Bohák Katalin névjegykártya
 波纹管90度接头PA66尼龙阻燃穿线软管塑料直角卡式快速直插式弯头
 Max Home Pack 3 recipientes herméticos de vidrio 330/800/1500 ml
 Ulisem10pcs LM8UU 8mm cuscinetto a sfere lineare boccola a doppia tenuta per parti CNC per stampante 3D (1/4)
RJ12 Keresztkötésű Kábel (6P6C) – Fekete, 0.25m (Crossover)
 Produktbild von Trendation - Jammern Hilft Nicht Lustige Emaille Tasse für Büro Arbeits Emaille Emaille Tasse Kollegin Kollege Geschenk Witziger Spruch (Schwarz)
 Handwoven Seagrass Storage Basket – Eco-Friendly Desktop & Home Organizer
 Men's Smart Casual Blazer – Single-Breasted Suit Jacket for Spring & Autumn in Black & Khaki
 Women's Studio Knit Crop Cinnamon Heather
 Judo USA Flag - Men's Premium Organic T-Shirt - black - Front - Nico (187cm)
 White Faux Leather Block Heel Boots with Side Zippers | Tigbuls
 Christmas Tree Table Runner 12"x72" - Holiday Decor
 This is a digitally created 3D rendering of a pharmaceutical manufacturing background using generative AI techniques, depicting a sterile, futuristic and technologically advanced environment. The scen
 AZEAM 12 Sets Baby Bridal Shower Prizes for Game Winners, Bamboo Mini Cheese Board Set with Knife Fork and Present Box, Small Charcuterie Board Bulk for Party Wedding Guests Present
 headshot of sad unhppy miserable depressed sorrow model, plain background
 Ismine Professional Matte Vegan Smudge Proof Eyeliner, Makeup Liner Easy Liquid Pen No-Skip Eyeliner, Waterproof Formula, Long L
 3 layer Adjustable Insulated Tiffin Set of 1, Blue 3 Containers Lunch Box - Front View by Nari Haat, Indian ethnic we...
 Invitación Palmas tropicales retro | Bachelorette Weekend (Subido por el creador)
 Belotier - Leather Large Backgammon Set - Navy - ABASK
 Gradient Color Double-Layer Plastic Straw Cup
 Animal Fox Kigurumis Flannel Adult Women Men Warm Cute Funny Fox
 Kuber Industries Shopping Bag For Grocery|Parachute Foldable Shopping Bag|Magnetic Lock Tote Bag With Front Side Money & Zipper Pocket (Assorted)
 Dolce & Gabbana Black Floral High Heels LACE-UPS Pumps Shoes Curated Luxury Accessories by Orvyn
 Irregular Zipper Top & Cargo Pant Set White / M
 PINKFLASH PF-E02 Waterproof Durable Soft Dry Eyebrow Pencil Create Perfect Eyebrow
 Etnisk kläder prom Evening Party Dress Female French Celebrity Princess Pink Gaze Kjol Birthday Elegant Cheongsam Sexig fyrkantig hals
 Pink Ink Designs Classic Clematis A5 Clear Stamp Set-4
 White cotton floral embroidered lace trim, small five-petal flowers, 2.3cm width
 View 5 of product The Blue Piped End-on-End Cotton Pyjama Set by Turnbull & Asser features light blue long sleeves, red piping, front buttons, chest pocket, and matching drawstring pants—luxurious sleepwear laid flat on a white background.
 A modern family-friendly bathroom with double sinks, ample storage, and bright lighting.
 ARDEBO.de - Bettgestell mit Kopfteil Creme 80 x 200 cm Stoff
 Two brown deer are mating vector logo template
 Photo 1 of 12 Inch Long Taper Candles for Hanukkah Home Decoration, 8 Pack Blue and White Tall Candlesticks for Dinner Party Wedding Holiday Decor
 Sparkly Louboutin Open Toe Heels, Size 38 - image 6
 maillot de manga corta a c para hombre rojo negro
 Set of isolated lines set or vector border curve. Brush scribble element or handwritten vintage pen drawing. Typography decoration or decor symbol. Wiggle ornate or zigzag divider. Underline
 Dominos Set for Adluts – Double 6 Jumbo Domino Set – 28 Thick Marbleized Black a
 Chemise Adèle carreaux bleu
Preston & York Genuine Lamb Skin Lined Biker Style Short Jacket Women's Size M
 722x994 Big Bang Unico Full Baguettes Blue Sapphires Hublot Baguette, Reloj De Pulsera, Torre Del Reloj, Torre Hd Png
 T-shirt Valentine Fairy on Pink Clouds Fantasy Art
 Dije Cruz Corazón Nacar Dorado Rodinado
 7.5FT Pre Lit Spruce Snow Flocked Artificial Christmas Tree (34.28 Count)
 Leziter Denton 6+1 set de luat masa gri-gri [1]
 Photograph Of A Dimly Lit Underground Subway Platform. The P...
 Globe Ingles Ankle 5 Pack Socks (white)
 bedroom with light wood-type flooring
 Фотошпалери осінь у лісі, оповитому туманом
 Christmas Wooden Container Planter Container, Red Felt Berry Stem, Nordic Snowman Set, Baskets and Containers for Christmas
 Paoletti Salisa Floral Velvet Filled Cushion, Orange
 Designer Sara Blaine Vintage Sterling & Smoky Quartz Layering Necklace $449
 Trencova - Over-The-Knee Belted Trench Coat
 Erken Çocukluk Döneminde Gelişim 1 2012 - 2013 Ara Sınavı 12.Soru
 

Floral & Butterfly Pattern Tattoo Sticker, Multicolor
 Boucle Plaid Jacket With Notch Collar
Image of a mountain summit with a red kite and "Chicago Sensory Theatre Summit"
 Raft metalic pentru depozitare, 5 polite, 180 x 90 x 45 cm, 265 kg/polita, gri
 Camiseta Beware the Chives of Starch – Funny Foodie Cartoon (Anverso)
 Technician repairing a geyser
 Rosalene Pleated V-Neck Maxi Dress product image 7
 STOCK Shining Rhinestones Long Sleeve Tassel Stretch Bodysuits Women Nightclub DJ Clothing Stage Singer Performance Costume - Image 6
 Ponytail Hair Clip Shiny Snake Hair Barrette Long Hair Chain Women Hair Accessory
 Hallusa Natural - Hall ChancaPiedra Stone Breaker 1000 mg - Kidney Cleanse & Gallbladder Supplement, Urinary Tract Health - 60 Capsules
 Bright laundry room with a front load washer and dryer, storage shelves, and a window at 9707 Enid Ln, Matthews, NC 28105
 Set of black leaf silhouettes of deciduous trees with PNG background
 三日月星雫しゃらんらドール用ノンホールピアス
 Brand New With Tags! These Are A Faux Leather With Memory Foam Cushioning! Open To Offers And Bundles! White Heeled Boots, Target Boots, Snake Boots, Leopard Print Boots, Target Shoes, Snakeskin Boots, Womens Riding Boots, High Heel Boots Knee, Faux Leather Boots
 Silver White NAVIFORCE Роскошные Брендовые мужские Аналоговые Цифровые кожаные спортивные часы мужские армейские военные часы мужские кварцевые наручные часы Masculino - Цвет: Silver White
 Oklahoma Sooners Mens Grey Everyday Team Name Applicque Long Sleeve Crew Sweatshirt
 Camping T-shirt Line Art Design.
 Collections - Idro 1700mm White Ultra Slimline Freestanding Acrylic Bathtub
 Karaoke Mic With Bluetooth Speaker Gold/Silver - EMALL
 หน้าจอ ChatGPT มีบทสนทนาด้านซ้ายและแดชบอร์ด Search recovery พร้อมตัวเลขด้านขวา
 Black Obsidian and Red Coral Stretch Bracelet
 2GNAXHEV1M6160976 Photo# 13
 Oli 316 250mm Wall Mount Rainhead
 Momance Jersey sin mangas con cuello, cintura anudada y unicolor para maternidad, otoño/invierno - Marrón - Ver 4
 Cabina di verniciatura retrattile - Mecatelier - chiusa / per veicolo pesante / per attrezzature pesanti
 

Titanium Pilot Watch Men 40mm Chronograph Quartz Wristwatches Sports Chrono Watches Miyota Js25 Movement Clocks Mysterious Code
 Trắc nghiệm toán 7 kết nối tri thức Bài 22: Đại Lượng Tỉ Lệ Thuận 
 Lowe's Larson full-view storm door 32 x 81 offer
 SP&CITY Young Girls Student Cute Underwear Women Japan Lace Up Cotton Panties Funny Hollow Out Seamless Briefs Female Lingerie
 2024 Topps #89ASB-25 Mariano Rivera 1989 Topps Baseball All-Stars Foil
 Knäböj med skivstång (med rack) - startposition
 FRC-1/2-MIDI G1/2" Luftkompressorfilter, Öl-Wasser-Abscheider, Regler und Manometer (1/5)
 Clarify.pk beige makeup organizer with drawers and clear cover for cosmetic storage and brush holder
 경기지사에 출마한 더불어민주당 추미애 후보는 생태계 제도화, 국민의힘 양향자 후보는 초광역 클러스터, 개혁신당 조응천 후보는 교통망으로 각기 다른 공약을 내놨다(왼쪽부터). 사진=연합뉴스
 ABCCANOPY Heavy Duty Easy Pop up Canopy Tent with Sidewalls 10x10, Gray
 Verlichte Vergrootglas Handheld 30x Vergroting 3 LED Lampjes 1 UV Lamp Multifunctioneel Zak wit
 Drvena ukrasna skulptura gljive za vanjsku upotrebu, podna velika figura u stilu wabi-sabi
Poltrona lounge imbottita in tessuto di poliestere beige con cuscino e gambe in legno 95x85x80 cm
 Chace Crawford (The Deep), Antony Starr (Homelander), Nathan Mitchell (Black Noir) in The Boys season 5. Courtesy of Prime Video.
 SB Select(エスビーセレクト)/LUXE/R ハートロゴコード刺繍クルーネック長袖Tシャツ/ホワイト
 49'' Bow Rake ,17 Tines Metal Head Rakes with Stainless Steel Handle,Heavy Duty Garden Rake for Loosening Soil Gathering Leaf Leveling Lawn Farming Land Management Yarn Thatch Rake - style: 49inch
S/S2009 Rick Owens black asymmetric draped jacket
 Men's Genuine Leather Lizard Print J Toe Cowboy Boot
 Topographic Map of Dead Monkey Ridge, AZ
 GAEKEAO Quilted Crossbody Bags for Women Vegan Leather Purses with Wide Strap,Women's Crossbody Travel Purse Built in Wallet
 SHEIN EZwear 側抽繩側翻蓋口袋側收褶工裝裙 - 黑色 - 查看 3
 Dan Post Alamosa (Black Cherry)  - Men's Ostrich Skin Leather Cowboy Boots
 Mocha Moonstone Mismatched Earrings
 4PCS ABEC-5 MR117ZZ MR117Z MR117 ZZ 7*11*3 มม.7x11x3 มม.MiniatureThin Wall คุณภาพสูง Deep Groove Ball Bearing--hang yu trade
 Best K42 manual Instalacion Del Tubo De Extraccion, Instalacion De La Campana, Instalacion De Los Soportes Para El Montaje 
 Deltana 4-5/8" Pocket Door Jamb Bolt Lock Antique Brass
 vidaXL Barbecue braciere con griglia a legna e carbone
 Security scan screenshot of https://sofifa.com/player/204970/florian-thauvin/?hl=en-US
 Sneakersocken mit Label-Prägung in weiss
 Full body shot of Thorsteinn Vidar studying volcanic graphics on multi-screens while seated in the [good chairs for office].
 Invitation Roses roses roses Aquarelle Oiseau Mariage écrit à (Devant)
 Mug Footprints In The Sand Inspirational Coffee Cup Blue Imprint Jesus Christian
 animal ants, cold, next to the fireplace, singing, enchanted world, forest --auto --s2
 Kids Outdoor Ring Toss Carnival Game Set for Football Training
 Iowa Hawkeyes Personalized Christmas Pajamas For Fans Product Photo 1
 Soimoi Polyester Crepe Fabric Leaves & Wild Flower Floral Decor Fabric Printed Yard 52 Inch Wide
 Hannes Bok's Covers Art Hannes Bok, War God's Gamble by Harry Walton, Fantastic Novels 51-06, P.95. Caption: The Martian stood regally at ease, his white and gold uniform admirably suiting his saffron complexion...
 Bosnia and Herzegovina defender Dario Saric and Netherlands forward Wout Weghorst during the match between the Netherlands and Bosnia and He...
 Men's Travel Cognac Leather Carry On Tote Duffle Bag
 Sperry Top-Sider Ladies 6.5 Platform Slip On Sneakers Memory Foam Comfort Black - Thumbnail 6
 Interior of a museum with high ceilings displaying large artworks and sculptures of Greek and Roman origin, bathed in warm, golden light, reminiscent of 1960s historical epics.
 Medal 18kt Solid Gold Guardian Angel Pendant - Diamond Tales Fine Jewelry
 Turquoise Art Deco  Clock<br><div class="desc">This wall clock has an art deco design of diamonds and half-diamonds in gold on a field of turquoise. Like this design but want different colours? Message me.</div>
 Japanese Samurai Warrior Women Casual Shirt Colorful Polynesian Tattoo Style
=-=-=
— Directions for this task —
Each line in the listing above from the one containing "This is a digitally" through the one containing "Gradient Color Double-Layer" should be repeated exactly, and no other line.

— Task result —
 This is a digitally created 3D rendering of a pharmaceutical manufacturing background using generative AI techniques, depicting a sterile, futuristic and technologically advanced environment. The scen
 AZEAM 12 Sets Baby Bridal Shower Prizes for Game Winners, Bamboo Mini Cheese Board Set with Knife Fork and Present Box, Small Charcuterie Board Bulk for Party Wedding Guests Present
 headshot of sad unhppy miserable depressed sorrow model, plain background
 Ismine Professional Matte Vegan Smudge Proof Eyeliner, Makeup Liner Easy Liquid Pen No-Skip Eyeliner, Waterproof Formula, Long L
 3 layer Adjustable Insulated Tiffin Set of 1, Blue 3 Containers Lunch Box - Front View by Nari Haat, Indian ethnic we...
 Invitación Palmas tropicales retro | Bachelorette Weekend (Subido por el creador)
 Belotier - Leather Large Backgammon Set - Navy - ABASK
 Gradient Color Double-Layer Plastic Straw Cup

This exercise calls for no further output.